# Yard Mastery MySoil and Soil Savvy Step by Step Analysis Made Easy



## Ridgerunner (May 16, 2017)




----------



## Ridgerunner (May 16, 2017)

Bump


----------



## Lawn Whisperer (Feb 15, 2021)

^+1
Selecting a Soil Test Laboratory


----------



## Ridgerunner (May 16, 2017)

Bump


----------



## AndyS (Jun 13, 2020)

I'm not sure why this needs to be so negative.

I used YM and Brookside. YM was less detailed but actionable. Brookside was detailed and expansive but completely devoid of actionable advice. There's room for multiple approaches, no?

My personal opinion is that the lawn care community should be a broad church. I think what's most important is that there's enough info to put together a plan that moves your soil in the right direction incrementally over time.

People are dumping lime on their alkaline soil because it's sold in their local area and they know no different. It doesn't take a sea of data to stop the worst practices and help people to move forward.


----------



## Ridgerunner (May 16, 2017)

The negativity is due to to the continued failure to be forthcoming and honest in the presentation of these products.

Soil science intrigues me and I support innovation that advances knowledge in any area of science.

In theory, resin technology (which has been investigated since the early 90s, yet it hasn't been widely implemented for most nutrients, -evidently due to a lack of correlation) could reveal new insight in monitoring nutrient data. "New" however, doesn't necessarily result in "better" or even useful results.

Where's the beef?





The first issue with MySoil/Yard Mastery and Soil Savvy is they have not been forthcoming with data, studies and documentation verifying that their lab results are accurate and repeatable. Their response: Their work with Ago-culture where testing was done in a controlled laboratory environment following testing protocols (see their patent application for their protocols) where precise measurements of soil and water were made, soak times were controlled, and shake times were followed, showed very small deviations (uh...how much deviation?) in results.

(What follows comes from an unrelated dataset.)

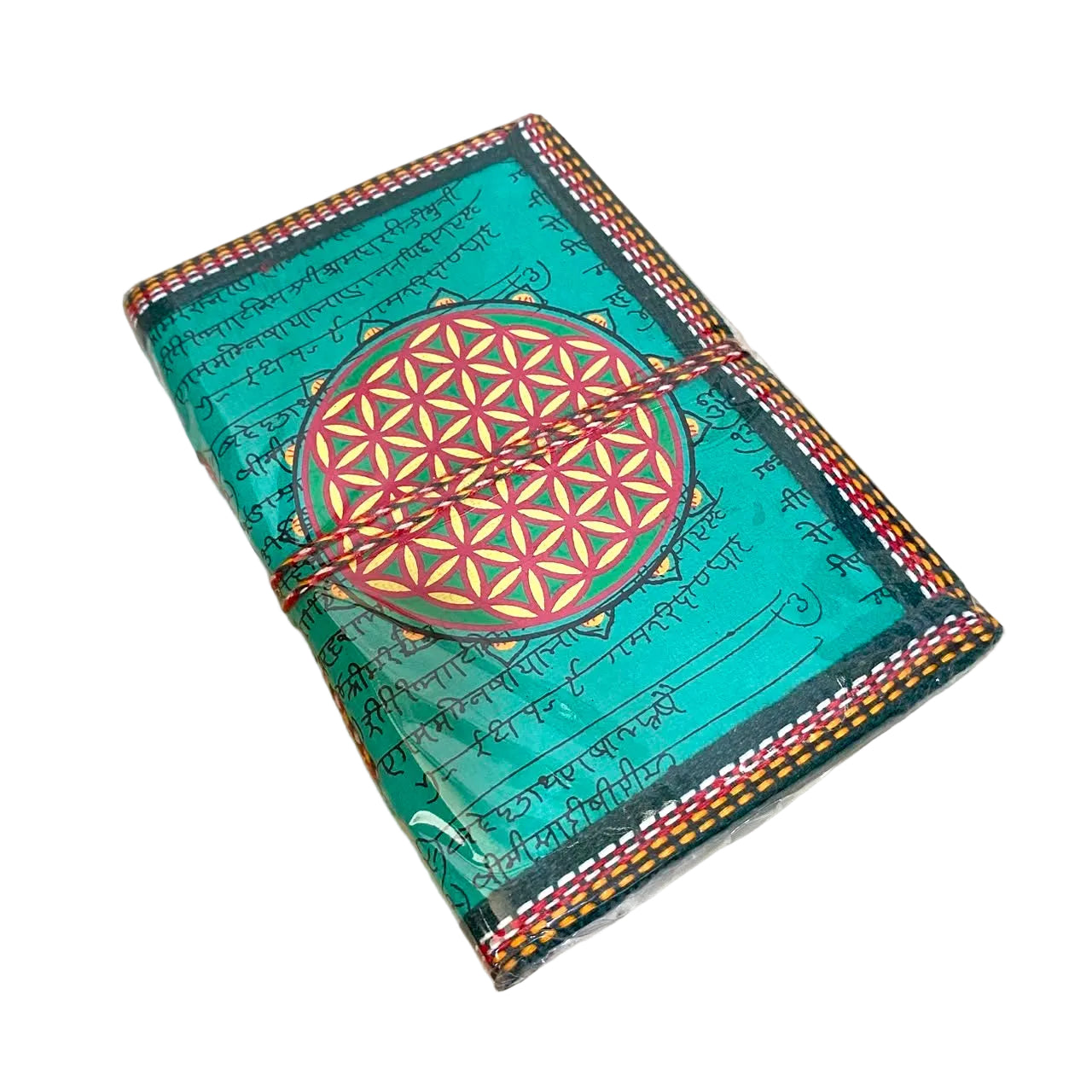 A handmade journal with a turquoise green cover featuring a large red and yellow geometric flower design in the center, surrounded by black script. The journal is wrapped with a brown cord and placed on a light wood surface.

So evidently...If it's accurate in a lab setting, it also must be accurate when homeowner measured amount of soil is added to the extract solution (without spilling soil or water), which is then mailed and transported for unknown periods of time in freezing or Hades hot environments? Show me the studies and data that support this process.

Secondly, How reliable are the nutrient target values? How was "optimum" defined? What does their "optimum" mean? How does optimum relate to expected plant response? Where's the data, studies and documentation supporting the accuracy of these "optimum" values and how they relate to plant health and growth and nutrient application?

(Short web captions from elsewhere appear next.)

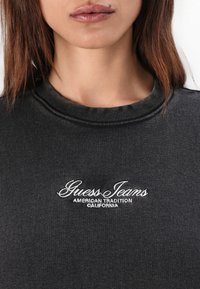 Melnā džemperis ar rievotu apkakli, priekšpusē ar baltu izšuvumu "Guess Jeans" un "AMERICAN TRADITION CALIFORNIA".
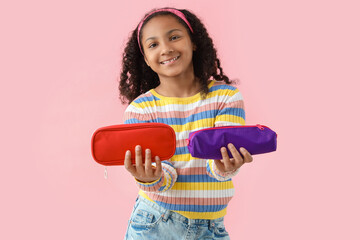 Little African-American girl with pencil cases on pink background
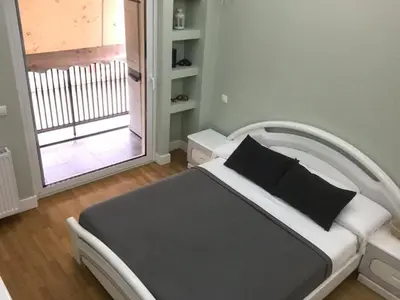 a bedroom with a bed and a door to a balcony at Finer Things Flisvos Beach Condo in Palaio Faliro in Athens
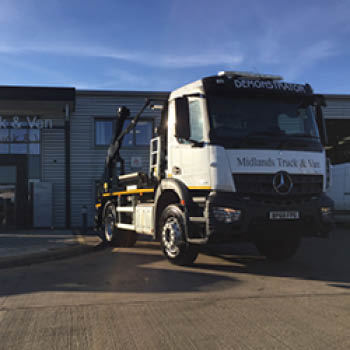 Arocs 1824 Skip loader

Finally (and my biggest issue), even if the testing procedure is accurate and repeatable and even if the target values are reliable and correlated, the test only determines nutrient levels (and any deficiencies) for a period of 2-4 weeks. That means to determine proper fertilization application, these tests will need to be repeated 2-4 weeks prior to* EVERY* fertilization. 

IMO,lacking any proof of superiority to standard testing, this is: 









Are the long established testing methods perfect? Nope. However, with decades of correlation of nutrient levels and plant response data, their use in determining nutrient levels for satisfactory plant response have proved effective. In addition, traditional soil testing method results for nutrient levels are correlated to an entire growing season which means only one (1) test is necessary per year to make fertilizer application determinations.

Is the goal to provide quality soil testing or wallet de-thatching?

There's more to come @AndyS, but I'm holding off to save another gratuitous "bump."


----------



## Ridgerunner (May 16, 2017)

Time to bump as folks are starting to post these tests again.



> I used YM and Brookside. YM was less detailed but actionable. Brookside was detailed and expansive but completely devoid of actionable advice.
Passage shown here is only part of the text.